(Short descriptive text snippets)

--

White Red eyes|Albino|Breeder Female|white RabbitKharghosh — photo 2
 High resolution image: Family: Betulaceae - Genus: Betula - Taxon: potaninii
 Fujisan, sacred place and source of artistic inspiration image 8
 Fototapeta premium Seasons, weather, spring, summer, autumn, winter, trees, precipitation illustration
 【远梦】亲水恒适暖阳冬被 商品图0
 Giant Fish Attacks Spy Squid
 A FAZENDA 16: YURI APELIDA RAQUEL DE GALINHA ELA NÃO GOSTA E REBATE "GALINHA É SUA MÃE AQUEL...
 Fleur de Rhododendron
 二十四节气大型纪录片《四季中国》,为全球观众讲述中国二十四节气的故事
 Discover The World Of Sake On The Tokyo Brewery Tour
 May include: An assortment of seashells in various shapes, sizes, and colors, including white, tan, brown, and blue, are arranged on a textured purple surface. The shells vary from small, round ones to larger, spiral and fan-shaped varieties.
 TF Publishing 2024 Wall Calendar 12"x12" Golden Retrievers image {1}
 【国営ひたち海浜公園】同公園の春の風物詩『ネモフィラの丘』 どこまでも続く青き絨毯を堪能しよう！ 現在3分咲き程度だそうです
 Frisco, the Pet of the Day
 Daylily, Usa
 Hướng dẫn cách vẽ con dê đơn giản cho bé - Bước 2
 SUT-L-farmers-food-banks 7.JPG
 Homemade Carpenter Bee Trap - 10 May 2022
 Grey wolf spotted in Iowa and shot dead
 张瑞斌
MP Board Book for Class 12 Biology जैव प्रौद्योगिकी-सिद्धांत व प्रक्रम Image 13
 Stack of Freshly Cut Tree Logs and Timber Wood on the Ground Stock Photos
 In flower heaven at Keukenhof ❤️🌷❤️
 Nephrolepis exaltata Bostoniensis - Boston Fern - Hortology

--

• _Aim of the exercise_: Copy, please, every line from the start of the entries down to the line that holds "Giant Fish Attacks Spy Squid", with both of those lines included and no others.

• _Solution_:
White Red eyes|Albino|Breeder Female|white RabbitKharghosh — photo 2
 High resolution image: Family: Betulaceae - Genus: Betula - Taxon: potaninii
 Fujisan, sacred place and source of artistic inspiration image 8
 Fototapeta premium Seasons, weather, spring, summer, autumn, winter, trees, precipitation illustration
 【远梦】亲水恒适暖阳冬被 商品图0
 Giant Fish Attacks Spy Squid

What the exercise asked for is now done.